Turtle Pool is this wicked place, where a local family for decades has held a dozen of seaturtles captured in a fenced off part of a lagoon. It's a rare opportunity to swim or snorkle with seaturtles. When we visited in low season, we were the only one in the pool, but it's probably a differet story in high sesson. Whether you want to support such a business is entirely up to you. If you want a chance to see seaturtles in the wild, head to the viewing platform over the lagoon behind the Lava Church further up the main road. If you’re lucky, seaturtles will stick their head up for breathing.

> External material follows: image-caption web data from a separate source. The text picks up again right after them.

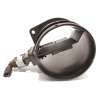 Recambio de caudalimetro para land rover range rover evoque evoque hse referencia OEM IAM G4D312B579AA LR071914 0280218307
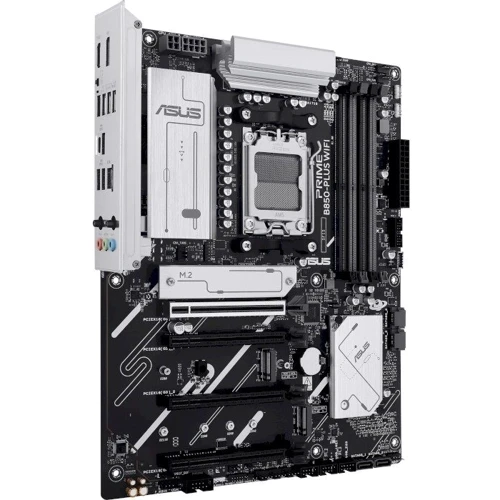 ASUS PRIME B850-PLUS WIFI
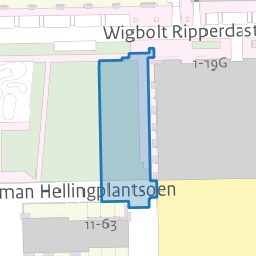 Perceel STN02-I-7192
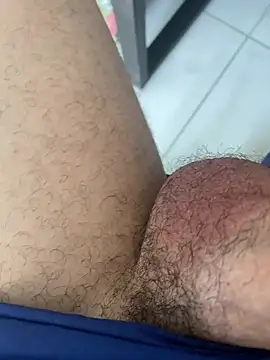 Snapshot of obranquinho21cm chatting on February 26, 2025, 5:31 pm obranquinho21cm online show from February 26, 2025, 5:31 pm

Seven big coral boulders tossed inland by an ancient tsunami, maybe 7000 years ago. The seven boulders sit anomaly in the otherwise flat landscape. The biggest boulder is believed to weigh more than 1,600 tons and is suspected to be the heaviest thing ever moved by a tsunami, giving an indication of how big the ancient Tonga tsunami must have been.
When the airstrip on Fongafale Islet isn't in use - and that's often - it's a recreational area. All kinds of ball games, weightlifting, bike riding, running, you name it, will take place here in the cooler afternoon.
Tuvalu's source of income are fishing licences, leasing their internet domain name extension .tv and stamps, though the stamp business has significantly declined in recent years. However, you can still buy stamps from the little post office. There is also a small exhibition showing Tuvalu stamps commemorate everything from international events and famous people to wildlife and daily life items - and even their .tv domain name.
Tuvalu isn't boasting with attractions, so any remotely interesting thing becomes a potential sight. Along the shore near the port are a few shipwrechs in various states of disintegration. One was formerly a fishing boat, which got destroyed by Cyclone Bebe in 1972. The shipwrecks are joined by rusting cars, buses and engine parts.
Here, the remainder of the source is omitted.